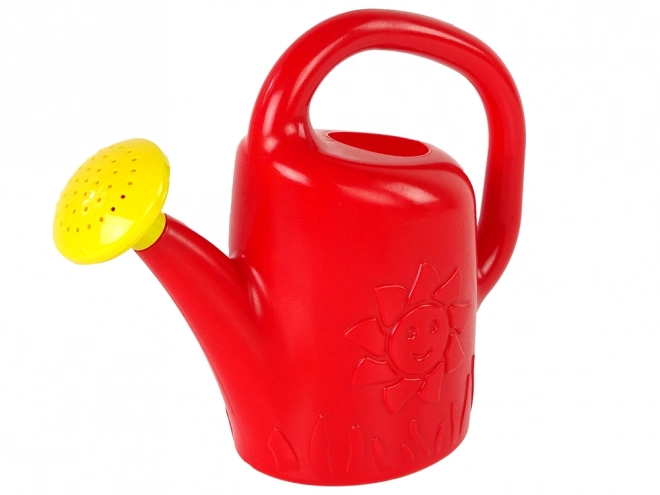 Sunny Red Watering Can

* * *

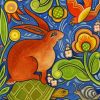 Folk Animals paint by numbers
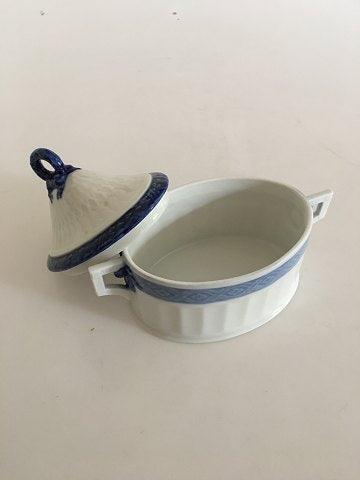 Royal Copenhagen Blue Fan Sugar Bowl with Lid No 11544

...

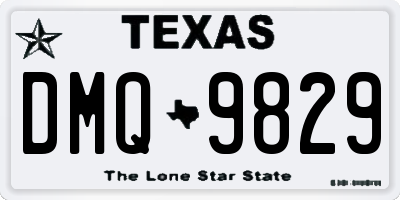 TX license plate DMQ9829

*YOUR OBJECTIVE:*
The response must repeat exactly the lines above from the one with "Folk Animals paint by numbers" through the one with "Royal Copenhagen Blue", including both, and must contain no pictures and no other text.

*REPLY:*
 Folk Animals paint by numbers
 Royal Copenhagen Blue Fan Sugar Bowl with Lid No 11544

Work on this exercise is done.